People can get exact time using hardware based on atom's electrons frequency. There is also a method based on GPS (Global Positioning System). The first is more accurate, but the second is pretty good also. Atomic clocks require very special and expensive equipment, but their maintainers (usually universities and research labs) connect them to computers, that run an NTP daemon, and some of them are connected to the Internet, that finally let us access them for free. And this is how we'll synchronize our systems.
5.2. Building a Simple Time Synchronization Architecture
You will need:
A direct or indirect (through a firewall) connection to the Internet.
Choose some NTP servers. You can use the public server pool.ntp.org, or choose some from the stratum 2 public time servers on NTP website. If you don't have an Internet access, your WAN administrator (must be a clever guy) can provide you some internal addresses.
Have the NTP package installed in all systems you want to synchronize. You can find RPMs in your favorite Linux distribution CD, or make a search on rpmfind.net.
Here is an example of good architecture:
If you have several machines to synchronize, do not make them all access the remote NTP servers you chose. Only 2 of your server farm's machines must access remote NTP servers, and the other machines will sync with these 2. We will call them the Relay Servers.
Your Relay Servers can be any machine already available in your network. NTP consumes low memory and CPU. You don't need a dedicated machine for it.
It is a good idea to create hostname aliases for your local Relay Servers like ntp1.my.com and ntp2.my.com, and use only these names when configuring the client machines. This way you can move the NTP functionality to a new Relay Server (with a different IP and hostname), without having to reconfigure the clients. Ask your DNS administrator to create such aliases. |
5.3. NTP Configurations
- For Your Relay Servers
Edit /etc/ntp.conf and add the remote servers you chose:
Example 5. Relay machines' /etc/ntp.conf
. . server otherntp.server.org # A stratum 1 server at server.org server ntp.research.gov # A stratum 2 server at research.gov . .

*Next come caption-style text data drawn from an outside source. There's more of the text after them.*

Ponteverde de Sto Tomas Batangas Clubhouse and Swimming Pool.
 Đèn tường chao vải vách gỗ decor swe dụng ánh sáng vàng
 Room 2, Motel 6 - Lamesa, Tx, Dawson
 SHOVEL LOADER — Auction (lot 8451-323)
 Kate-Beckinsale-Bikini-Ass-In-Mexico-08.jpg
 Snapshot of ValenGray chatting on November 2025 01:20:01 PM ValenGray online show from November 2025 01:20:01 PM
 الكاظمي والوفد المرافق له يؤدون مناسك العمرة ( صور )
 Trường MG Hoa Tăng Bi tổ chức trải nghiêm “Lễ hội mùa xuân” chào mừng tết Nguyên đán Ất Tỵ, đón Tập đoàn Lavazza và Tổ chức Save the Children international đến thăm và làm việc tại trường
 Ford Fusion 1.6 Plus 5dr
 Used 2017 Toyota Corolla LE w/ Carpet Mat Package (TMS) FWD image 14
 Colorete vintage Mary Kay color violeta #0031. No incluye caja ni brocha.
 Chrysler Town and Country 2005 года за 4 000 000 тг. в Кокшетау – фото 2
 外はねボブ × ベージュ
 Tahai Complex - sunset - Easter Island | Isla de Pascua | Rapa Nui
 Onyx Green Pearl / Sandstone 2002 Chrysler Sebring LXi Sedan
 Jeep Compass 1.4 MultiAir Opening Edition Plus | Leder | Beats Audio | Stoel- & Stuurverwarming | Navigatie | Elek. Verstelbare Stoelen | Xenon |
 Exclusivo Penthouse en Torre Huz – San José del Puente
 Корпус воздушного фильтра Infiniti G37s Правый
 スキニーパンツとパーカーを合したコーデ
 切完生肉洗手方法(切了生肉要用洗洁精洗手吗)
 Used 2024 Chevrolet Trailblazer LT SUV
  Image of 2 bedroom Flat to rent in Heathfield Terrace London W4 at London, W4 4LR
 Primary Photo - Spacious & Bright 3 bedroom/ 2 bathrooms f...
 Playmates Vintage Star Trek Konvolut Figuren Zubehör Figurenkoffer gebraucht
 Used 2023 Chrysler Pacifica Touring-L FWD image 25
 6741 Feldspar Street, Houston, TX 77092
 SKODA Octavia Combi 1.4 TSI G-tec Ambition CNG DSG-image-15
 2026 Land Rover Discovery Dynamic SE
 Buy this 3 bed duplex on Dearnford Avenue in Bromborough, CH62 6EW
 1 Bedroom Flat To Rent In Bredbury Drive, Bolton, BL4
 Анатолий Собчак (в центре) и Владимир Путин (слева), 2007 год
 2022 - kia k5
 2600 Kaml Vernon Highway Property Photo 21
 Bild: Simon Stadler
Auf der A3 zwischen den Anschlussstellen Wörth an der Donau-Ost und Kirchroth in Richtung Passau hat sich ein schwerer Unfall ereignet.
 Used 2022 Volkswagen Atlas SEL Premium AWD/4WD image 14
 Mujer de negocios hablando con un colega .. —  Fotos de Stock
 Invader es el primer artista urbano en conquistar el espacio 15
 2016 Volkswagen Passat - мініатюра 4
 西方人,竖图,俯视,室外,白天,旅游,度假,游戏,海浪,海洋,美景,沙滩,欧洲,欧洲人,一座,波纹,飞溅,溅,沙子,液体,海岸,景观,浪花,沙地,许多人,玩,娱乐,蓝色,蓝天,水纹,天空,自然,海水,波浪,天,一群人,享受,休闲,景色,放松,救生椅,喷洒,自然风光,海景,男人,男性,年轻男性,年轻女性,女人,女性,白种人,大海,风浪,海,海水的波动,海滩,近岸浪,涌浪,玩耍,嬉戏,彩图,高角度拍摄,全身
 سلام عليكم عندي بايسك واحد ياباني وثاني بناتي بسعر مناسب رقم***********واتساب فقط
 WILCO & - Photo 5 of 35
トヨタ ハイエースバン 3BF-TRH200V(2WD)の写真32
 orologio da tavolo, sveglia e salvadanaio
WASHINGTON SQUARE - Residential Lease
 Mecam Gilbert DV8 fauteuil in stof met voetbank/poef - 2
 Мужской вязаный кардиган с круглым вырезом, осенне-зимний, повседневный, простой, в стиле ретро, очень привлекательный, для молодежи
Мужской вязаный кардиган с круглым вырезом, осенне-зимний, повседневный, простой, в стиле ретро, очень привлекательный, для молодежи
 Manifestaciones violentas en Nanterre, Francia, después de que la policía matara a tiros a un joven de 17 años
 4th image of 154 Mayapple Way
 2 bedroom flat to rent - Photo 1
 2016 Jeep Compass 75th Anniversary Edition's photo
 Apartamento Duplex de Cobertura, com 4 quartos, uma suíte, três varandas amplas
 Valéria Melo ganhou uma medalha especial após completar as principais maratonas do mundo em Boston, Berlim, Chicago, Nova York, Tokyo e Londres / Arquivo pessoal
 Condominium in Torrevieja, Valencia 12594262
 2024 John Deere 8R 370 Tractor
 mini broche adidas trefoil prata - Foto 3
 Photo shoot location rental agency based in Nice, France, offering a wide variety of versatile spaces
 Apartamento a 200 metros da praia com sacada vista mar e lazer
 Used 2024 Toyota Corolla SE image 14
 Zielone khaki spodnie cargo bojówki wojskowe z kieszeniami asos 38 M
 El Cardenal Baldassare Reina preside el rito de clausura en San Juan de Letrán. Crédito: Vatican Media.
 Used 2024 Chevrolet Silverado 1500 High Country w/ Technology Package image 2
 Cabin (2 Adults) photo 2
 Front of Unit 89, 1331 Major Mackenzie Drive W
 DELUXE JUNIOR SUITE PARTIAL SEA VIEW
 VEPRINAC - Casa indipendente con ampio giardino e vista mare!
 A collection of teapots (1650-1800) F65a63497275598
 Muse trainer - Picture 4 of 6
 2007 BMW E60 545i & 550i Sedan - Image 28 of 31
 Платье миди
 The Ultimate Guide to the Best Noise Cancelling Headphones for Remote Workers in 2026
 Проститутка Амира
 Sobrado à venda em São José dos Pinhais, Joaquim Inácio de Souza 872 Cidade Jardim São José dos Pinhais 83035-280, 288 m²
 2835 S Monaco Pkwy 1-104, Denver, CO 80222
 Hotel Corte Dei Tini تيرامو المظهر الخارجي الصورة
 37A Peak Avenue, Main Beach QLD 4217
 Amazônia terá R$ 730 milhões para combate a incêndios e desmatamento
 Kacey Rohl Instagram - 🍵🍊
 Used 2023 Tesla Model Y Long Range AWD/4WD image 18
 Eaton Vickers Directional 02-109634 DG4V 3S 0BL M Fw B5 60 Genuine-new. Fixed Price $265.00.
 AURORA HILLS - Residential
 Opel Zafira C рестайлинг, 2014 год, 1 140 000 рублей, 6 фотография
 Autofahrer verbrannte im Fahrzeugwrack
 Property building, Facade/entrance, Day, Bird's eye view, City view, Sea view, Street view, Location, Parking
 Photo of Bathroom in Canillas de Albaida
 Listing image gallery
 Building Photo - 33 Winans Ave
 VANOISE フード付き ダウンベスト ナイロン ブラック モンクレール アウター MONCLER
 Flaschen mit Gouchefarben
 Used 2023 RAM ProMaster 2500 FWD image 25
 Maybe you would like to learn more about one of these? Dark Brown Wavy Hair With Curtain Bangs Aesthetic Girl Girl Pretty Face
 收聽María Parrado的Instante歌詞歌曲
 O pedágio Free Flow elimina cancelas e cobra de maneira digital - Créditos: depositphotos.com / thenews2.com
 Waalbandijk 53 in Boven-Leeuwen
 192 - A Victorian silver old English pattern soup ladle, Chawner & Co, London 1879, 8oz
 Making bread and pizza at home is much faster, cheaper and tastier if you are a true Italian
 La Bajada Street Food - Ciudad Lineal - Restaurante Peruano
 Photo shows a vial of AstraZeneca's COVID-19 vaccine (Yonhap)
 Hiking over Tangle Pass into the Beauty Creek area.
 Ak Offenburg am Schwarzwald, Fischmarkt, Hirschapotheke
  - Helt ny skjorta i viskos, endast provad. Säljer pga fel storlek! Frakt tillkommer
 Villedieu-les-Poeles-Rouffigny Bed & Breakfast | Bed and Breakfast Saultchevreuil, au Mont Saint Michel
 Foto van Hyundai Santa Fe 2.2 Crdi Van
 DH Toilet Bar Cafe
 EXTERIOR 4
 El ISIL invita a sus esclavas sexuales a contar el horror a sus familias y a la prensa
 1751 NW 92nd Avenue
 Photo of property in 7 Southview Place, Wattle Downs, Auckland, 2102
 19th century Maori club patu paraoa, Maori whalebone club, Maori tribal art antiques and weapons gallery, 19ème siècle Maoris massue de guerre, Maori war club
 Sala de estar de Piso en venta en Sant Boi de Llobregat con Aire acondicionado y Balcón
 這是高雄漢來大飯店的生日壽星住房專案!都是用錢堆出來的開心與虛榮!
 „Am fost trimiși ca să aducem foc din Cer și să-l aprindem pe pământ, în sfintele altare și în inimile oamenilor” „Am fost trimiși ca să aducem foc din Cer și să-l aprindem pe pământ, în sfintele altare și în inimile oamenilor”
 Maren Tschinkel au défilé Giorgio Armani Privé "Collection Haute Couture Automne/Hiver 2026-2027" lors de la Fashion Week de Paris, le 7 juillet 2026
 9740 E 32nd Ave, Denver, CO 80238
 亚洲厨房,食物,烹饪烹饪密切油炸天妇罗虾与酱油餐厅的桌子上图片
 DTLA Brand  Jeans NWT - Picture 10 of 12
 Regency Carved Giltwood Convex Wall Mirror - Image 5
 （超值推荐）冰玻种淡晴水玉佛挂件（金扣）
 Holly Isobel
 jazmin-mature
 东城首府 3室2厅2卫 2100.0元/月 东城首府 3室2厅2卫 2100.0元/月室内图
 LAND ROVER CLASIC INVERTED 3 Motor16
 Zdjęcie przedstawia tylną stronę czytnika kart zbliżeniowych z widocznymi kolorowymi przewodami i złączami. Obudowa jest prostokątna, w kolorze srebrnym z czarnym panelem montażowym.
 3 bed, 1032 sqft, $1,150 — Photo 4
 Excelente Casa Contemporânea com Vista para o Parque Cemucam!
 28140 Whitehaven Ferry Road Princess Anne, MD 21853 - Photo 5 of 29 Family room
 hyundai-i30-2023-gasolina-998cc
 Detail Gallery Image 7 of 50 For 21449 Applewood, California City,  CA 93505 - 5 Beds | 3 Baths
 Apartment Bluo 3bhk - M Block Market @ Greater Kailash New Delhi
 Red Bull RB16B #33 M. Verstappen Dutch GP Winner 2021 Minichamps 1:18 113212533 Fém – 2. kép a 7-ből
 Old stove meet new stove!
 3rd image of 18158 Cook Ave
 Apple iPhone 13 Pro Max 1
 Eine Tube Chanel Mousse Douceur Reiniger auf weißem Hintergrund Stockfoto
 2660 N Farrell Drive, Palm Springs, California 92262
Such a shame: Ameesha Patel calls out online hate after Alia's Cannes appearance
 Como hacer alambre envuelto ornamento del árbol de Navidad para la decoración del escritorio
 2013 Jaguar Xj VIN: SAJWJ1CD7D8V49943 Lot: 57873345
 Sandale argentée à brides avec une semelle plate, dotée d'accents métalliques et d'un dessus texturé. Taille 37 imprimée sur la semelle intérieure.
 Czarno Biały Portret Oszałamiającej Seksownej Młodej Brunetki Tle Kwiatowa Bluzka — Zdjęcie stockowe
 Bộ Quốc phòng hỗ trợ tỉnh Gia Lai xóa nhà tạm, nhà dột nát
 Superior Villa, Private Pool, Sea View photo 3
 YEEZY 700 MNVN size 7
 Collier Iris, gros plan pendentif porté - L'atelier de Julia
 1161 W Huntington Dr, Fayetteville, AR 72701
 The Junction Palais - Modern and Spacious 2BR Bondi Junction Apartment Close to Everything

Again, you can use the public server pool.ntp.org, or get a list of public stratum 2 time servers from NTP website.
- For Your Clients
Edit /etc/ntp.conf and add your Relay Servers with a standard name:
If your machine has a UTC time difference bigger than some minutes comparing to the NTP servers, NTP will not work. So you must do a first full sync, and I recommend you to do it in a non-production hour. You need to do it only when you are making the initial NTP setup. Never more:
Example 7. First sync
The last step is to start or restart the NTP daemons in each machine:
bash# service ntpd restart |
5.4. Watching Your Box Synchronizing
Now you have everything setup. NTP will softly keep your machine time synchronized. You can watch this process using the NTP Query (ntpq command):
Example 8. A time synchronization status
bash# ntpq -p remote refid st t when poll reach delay offset jitter ============================================================================== -jj.cs.umb.edu gandalf.sigmaso 3 u 95 1024 377 31.681 -18.549 1.572 milo.mcs.anl.go ntp0.mcs.anl.go 2 u 818 1024 125 41.993 -15.264 1.392 -mailer1.psc.edu ntp1.usno.navy. 2 u 972 1024 377 38.206 19.589 28.028 -dr-zaius.cs.wis ben.cs.wisc.edu 2 u 502 1024 357 55.098 3.979 0.333 +taylor.cs.wisc. ben.cs.wisc.edu 2 u 454 1024 347 54.127 3.379 0.047 -ntp0.cis.strath harris.cc.strat 3 u 507 1024 377 115.274 -5.025 1.642 *clock.via.net .GPS. 1 u 426 1024 377 107.424 -3.018 2.534 ntp1.conectiv.c 0.0.0.0 16 u - 1024 0 0.000 0.000 4000.00 +bonehed.lcs.mit .GPS. 1 u 984 1024 377 25.126 0.131 30.939 -world.std.com 204.34.198.40 2 u 119 1024 377 24.229 -6.884 0.421 |
The meaning of each column
- remote
Is the name of the remote NTP server. If you use the -n switch, you will see the IP addresses of these servers instead of their hostnames.
- refid
Indicates where each server is getting its time right now. It can be a server hostname or something like .GPS., indicating a Global Positioning System source.
- st
Stratum is a number from 1 to 16, to indicate the remote server precision. 1 is the most accurate, 16 means 'server unreachable'. Your Stratum will be equal to the accurate remote server plus 1. Never connect to a Stratum 1 server, use Stratum 2 servers! Stratum 2 servers are also good for our purposes, and this policy is good for reducing the traffic to the Stratum 1 servers.
- poll
The polling interval (in seconds) between time requests. The value will range between the minimum and maximum allowed polling values. Initially the value will be smaller to allow synchronization to occur quickly. After the clocks are 'in sync' the polling value will increase to reduce network traffic and load on popular time servers.
- reach
This is an octal representation of an array of 8 bits, representing the last 8 times the local machine tried to reach the server. The bit is set if the remote server was reached.
- delay
The amount of time (seconds) needed to receive a response for a "what time is it" request.
- offset
The most important value. The difference of time between the local and remote server. In the course of synchronization, the offset time lowers down, indicating that the local machine time is getting more accurate.
- jitter
Dispersion, also called Jitter, is a measure of the statistical variance of the offset across several successive request/response pairs. Lower dispersion values are preferred over higher dispersion values. Lower dispersions allow more accurate time synchronization.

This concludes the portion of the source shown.